··· Provided material
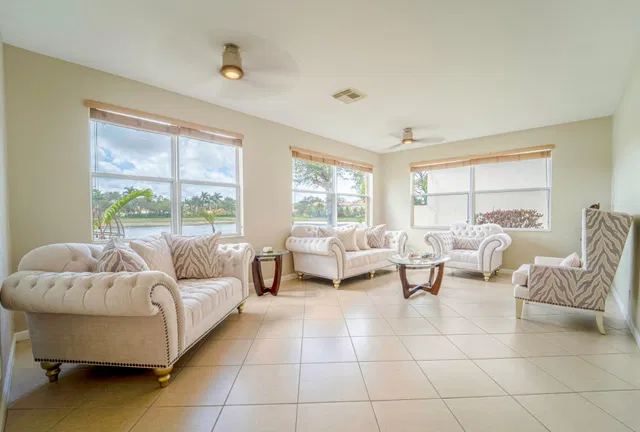 Residence photo 4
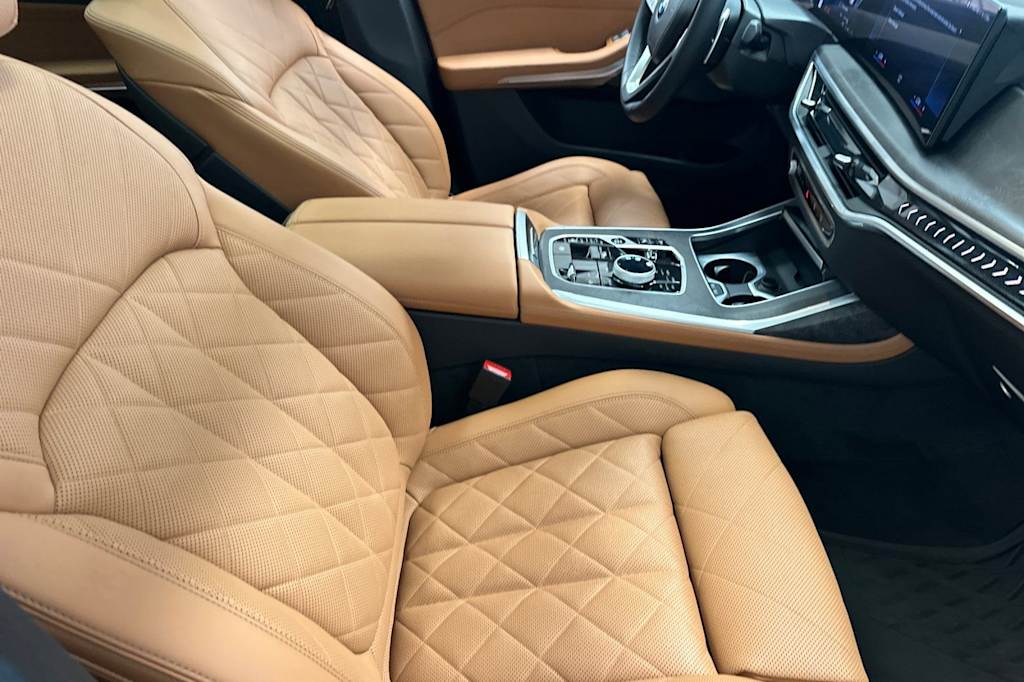 Thumbnail: 2023 BMW X7 - 10
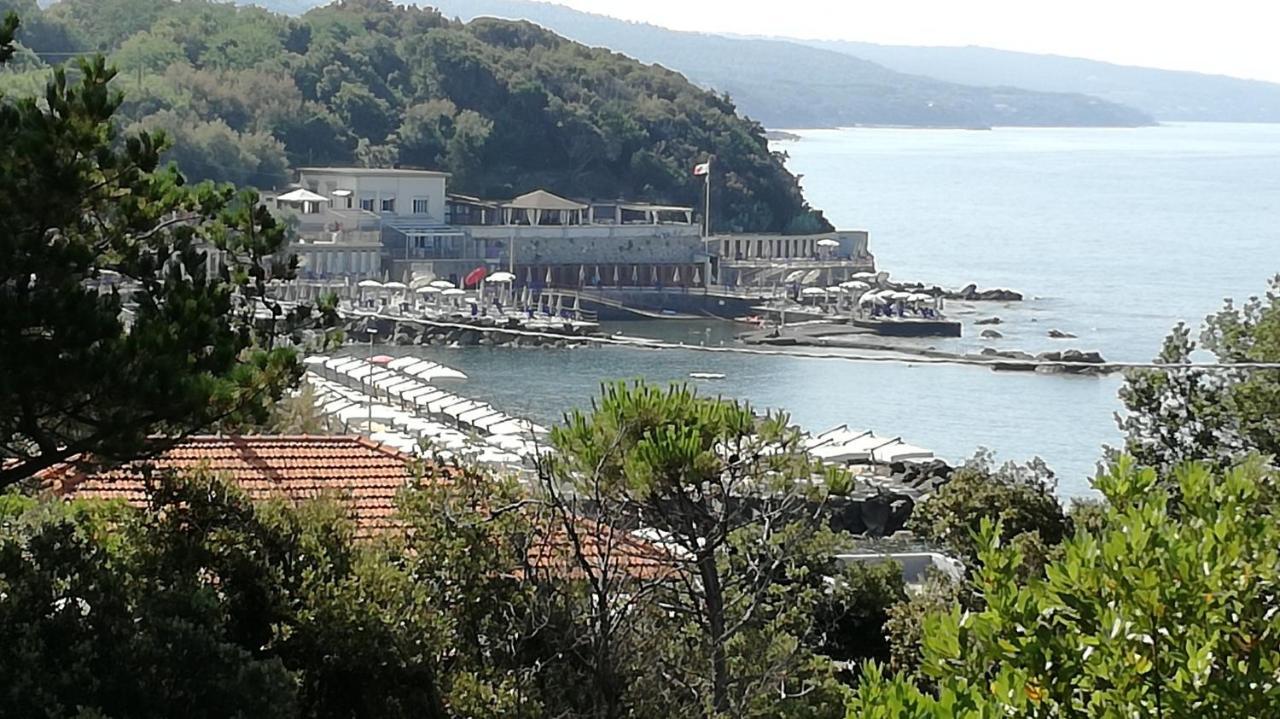 Bellavista Beachfront Apartments Quercianella Eksteriør bilde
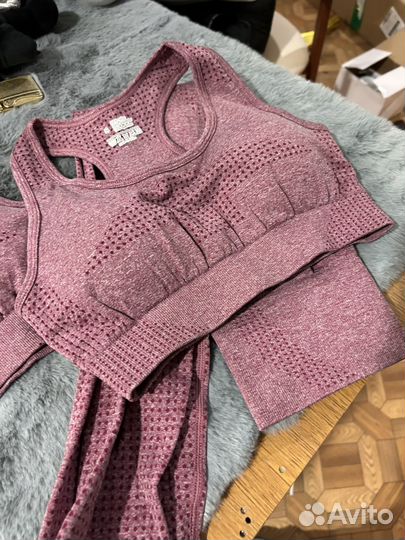 Спортивный костюм adidas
······
◆ **Task requirements**: Everything in the material above should be reproduced exactly, except the pictures.

◆ **Answer box**:
 Residence photo 4
 Thumbnail: 2023 BMW X7 - 10
 Bellavista Beachfront Apartments Quercianella Eksteriør bilde
 Спортивный костюм adidas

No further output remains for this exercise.